ウンチを漏らして椅子や壁を汚されちゃったら、本当にげんなりします。でも、「まあいいや、壁紙は張り替えればいいし」って思えれば、どん底まで行くことはない。

そう思えるのは、自分の中に居場所を作っておいて、そこに逃げ込めたから。自分の中の逃げ場所から見ると、ウンチを漏らしているお母さんに少しだけ距離を置けるから、「まあいいか」って思えるんです。

そして、逃げ場の中には編み物とか、自分だけの楽しみがある。編み物にはずいぶん救われました。でも、逃げ場所がなくて介護されてる人との距離がゼロだったら、一緒に絶望しちゃいますよね。
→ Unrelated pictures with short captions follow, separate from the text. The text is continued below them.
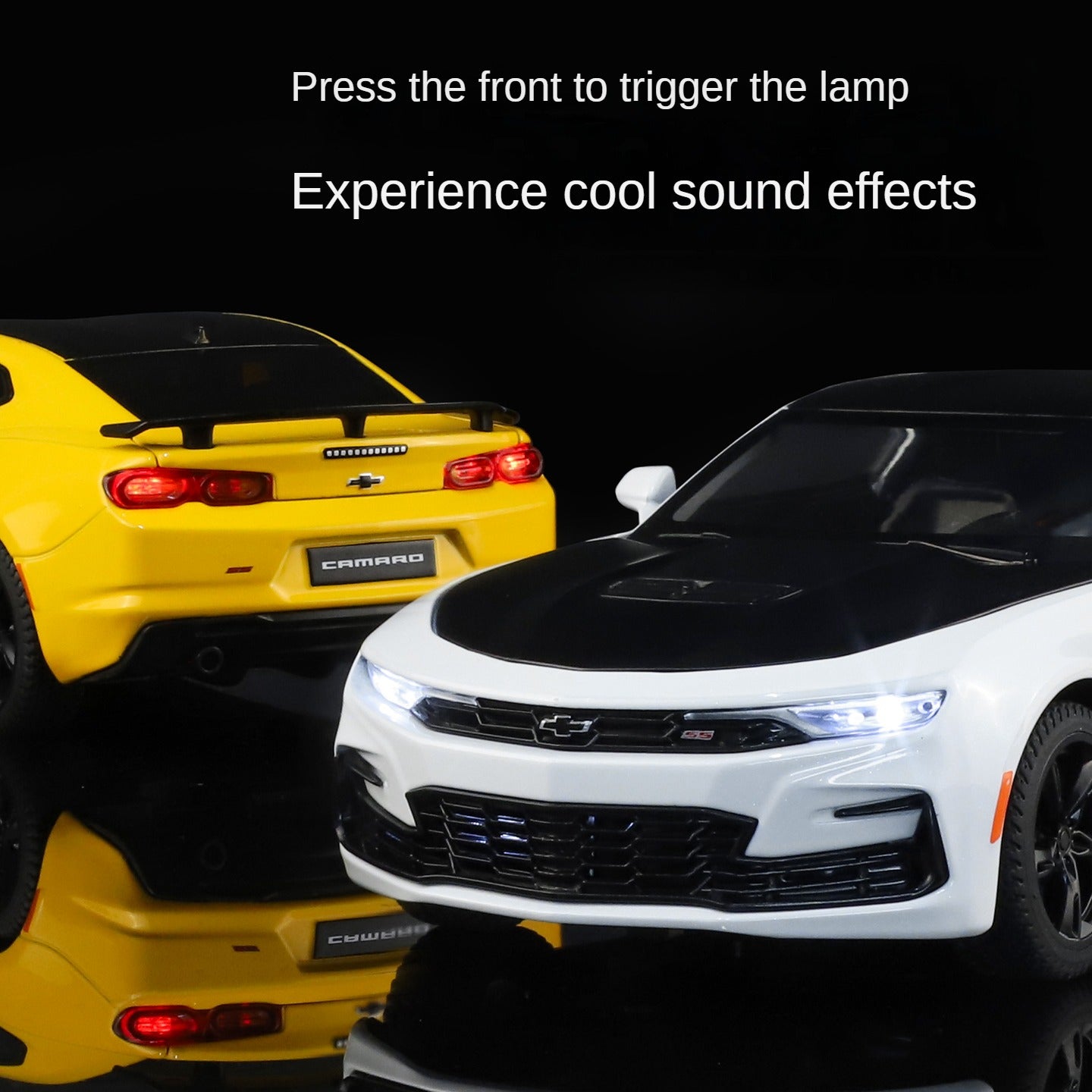 Black Mamba 1:24 Scale Licensed Chevrolet Camaro Die-Cast Alloy Model Toy - Opening Doors, Sound & Light, Pull-Back Function, Shock Absorption, Steering, Horn & Adjustable Seats - Muscle Car Collection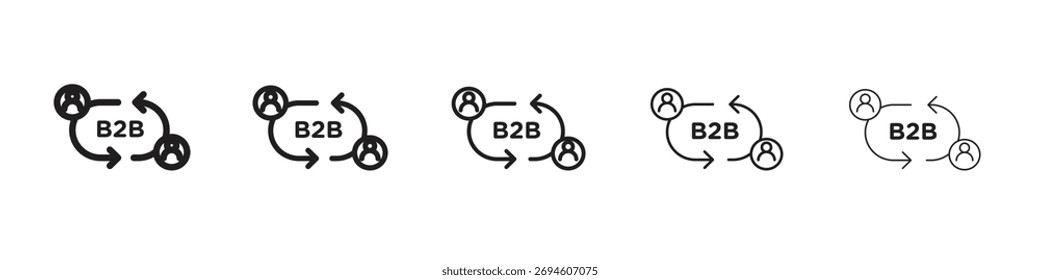 B2B icon symbols set. Editable stroke collection.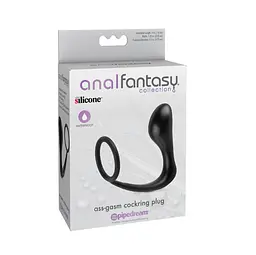 Ерекційне кільце з анальною пробкою Pipedream Ass-Gasm Cockring Plug, 10 cm (чорний) - мініатюра 2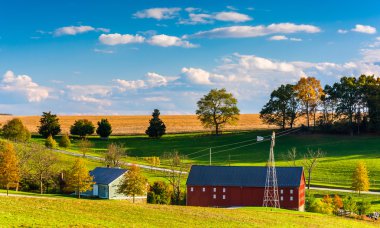 bir çiftlik kırsal york County, pennsylvania görünümünü. 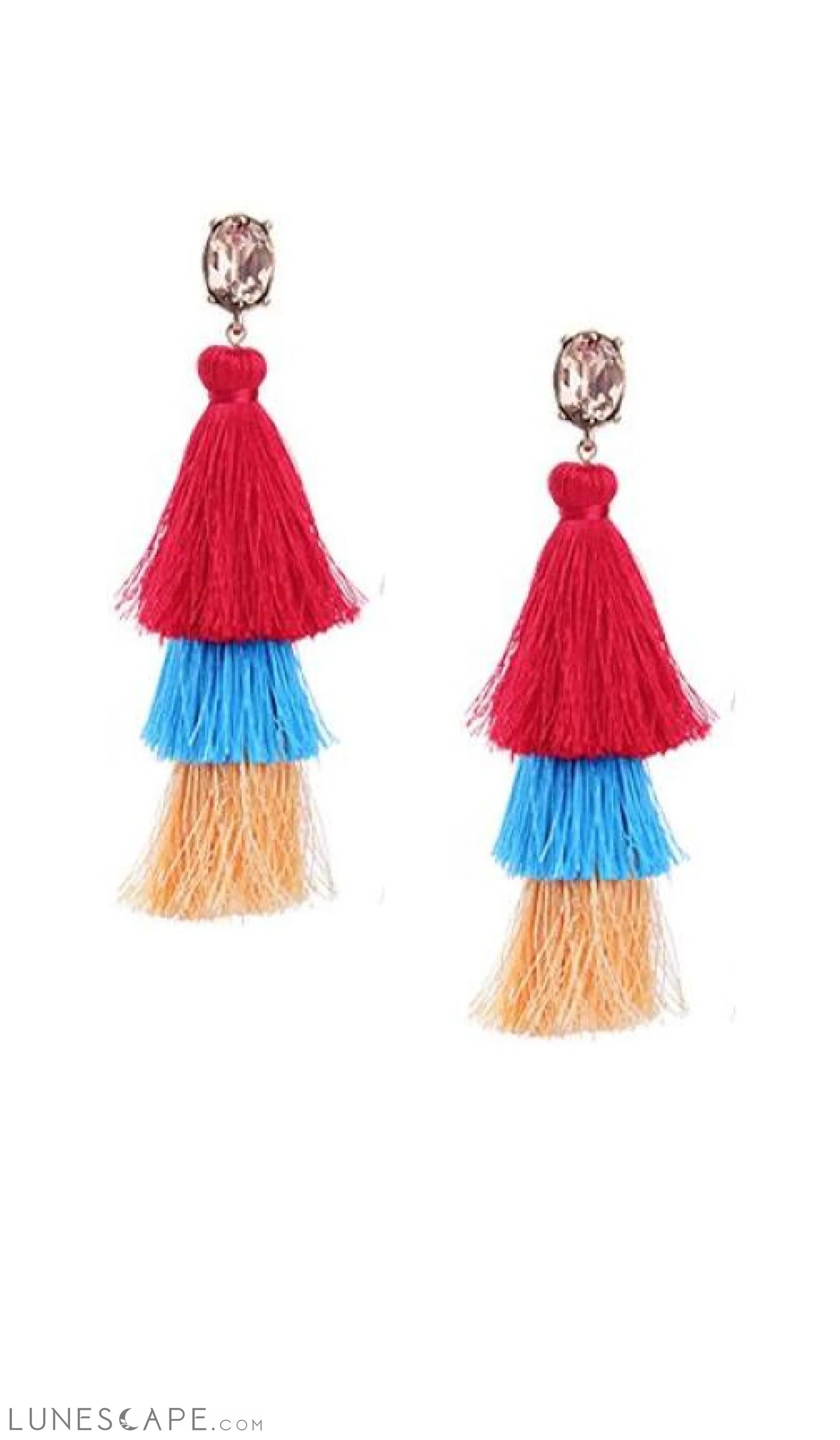 Crystal Layered Tassel Earrings | More Colors Available LUNESCAPE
それだと、私はもたなかったと思う。

『認知症介護の話をしよう』(著:岩佐まり/日東書院本社)

ちょっと距離を置いて眺めると、介護を楽しむことだってできます。

この写真、まりちゃんにも送ったんですけど、面白くないですか? おばあちゃんが血まみれで倒れてる写真。

これ、血じゃないんです。ケチャップなんですよ。なんで倒れてるかというと、死んだふりなんです。

ある時期から、おばあちゃんはしょっちゅう死んだふりをするようになったんです。辛くて死にたかったんでしょうね。それで、死んだふりをしたら本当に死ねると思ったんじゃないかな。

でもね、そういうおばあちゃんを見ても、「そっか、死にたいのかー」って思うだけです。感情はそこでストップ。その先は考えない。